O que mostram os dados epidemiológicos do suicídio no Brasil e no mundo?
Dados fornecidos pela ABP (Associação Brasileira de Psiquiatria) dão conta de que são registrados mais de 13 mil suicídios todos os anos no Brasil e mais de 1 milhão no mundo. O mais relevante é que cerca de 96,8% dos casos de suicídio estavam relacionados a transtornos mentais. Em primeiro lugar está a depressão, seguida do transtorno bipolar e do abuso de substâncias psicoativas como álcool e drogas ilícitas. Quanto às tentativas de suicídio, é importante frisar que o maior índice de casos ocorre entre os 20 e os 49 anos de idade. No entanto, suicídio consumado parece ser proporcionalmente mais comum em adolescentes e em idosos.
A pandemia – que trouxe a crise sanitária e econômica – agravou o quadro do suicídio no País?
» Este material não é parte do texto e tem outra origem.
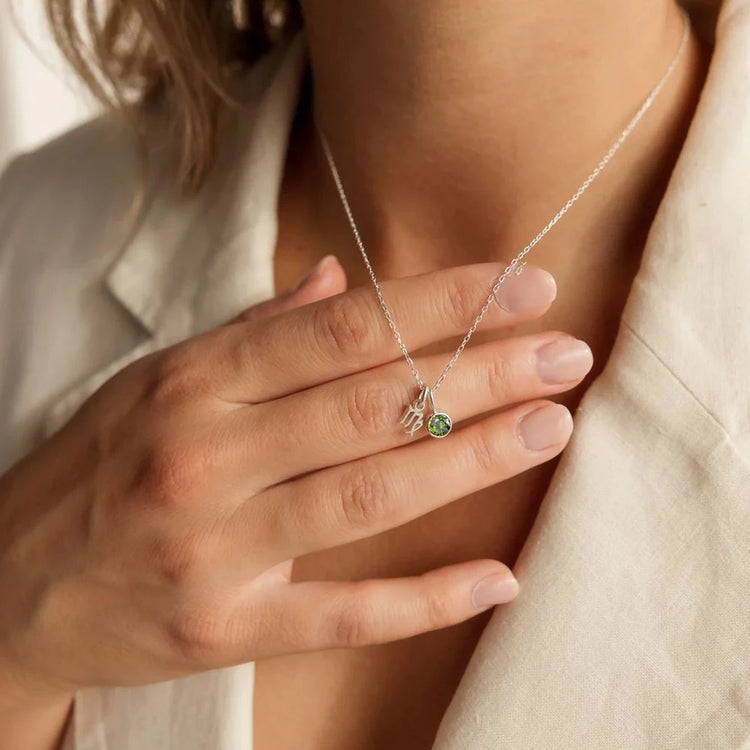 Birthstone Constellation Zirconia Necklace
Ainda precisaremos de algum tempo para saber exatamente o impacto da pandemia nas taxas de suicídio no Brasil. No entanto, um artigo publicado no Lancet Psychiatry ainda em 2020, prenunciava que os efeitos da pandemia da Covid-19 sobre a saúde mental podem ser profundos e com previsões de que as taxas de suicídio aumentariam. A prevenção do suicídio, portanto, precisa de consideração urgente. A resposta deve reunir mas, também, ir além das políticas e práticas gerais de saúde mental. Os prováveis efeitos adversos da pandemia em pessoas com doenças mentais podem ser exacerbados pelo medo e isolamento.
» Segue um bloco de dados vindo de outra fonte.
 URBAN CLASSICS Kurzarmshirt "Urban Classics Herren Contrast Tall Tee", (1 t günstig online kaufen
Estudos mais recentes já observaram que aqueles com transtornos psiquiátricos e que adoeceram de Covid-19 tiveram piora dos sintomas e outras pessoas desenvolveram novos problemas de saúde mental, especialmente depressão, ansiedade e estresse pós- -traumático (todos associados a um risco aumentado de suicídio). Além disso, a pandemia pode afetar adversamente outros fatores desencadeantes como a violência doméstica e o consumo de álcool. Os efeitos podem ser piores em locais com poucos recursos, onde a adversidade econômica é agravada por suporte de serviços de saúde mental insuficientes. Adicione isso ao fato de que perda de emprego e estressores financeiros são fatores de risco bem conhecidos para suicídio. Num âmbito mais geral de intervenções públicas, a assistência ao indivíduo desempregado com políticas de reinserção e cursos profissionalizantes pode devolver a sua perspectiva e a sua dignidade.
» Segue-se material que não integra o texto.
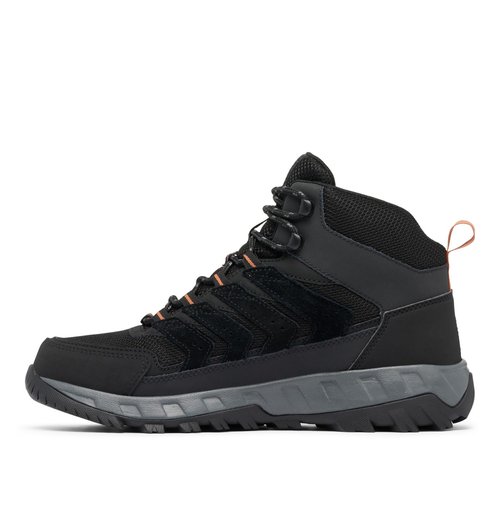 Columbia Mens Strata Trail Mid Waterproof, Black/Owl, 11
Quais as causas do aumento de suicídios entre adolescentes e jovens?
A ABP ressalta que os jovens estão suscetíveis às mudanças fisiológicas que são características da fase de amadurecimento físico e psíquico. Quem convive com um adolescente, sabe que as mudanças nem sempre são fáceis. Essas mudanças fisiológicas podem ser um gatilho para a pessoa que tem predisposição genética para desenvolver transtornos psiquiátricos. Por isso devemos ficar atentos a alguns sinais.
Ainda segundo a ABP, em primeiro lugar, é necessária a observação. Os pais precisam perceber as mudanças de comportamento dos filhos, os sinais que crianças e adolescentes emitem quando estão passando por algum problema, por exemplo, isolamento, tristeza constante, distorção de imagem corporal, dificuldade de relacionamento com pessoas da mesma idade, insegurança, queda no desempenho escolar, crises de raiva, baixa autoestima, comportamentos de risco, dentre outros. É alarmante sabermos que um quarto dos jovens entre 18 e 24 anos já considerou seriamente o suicídio.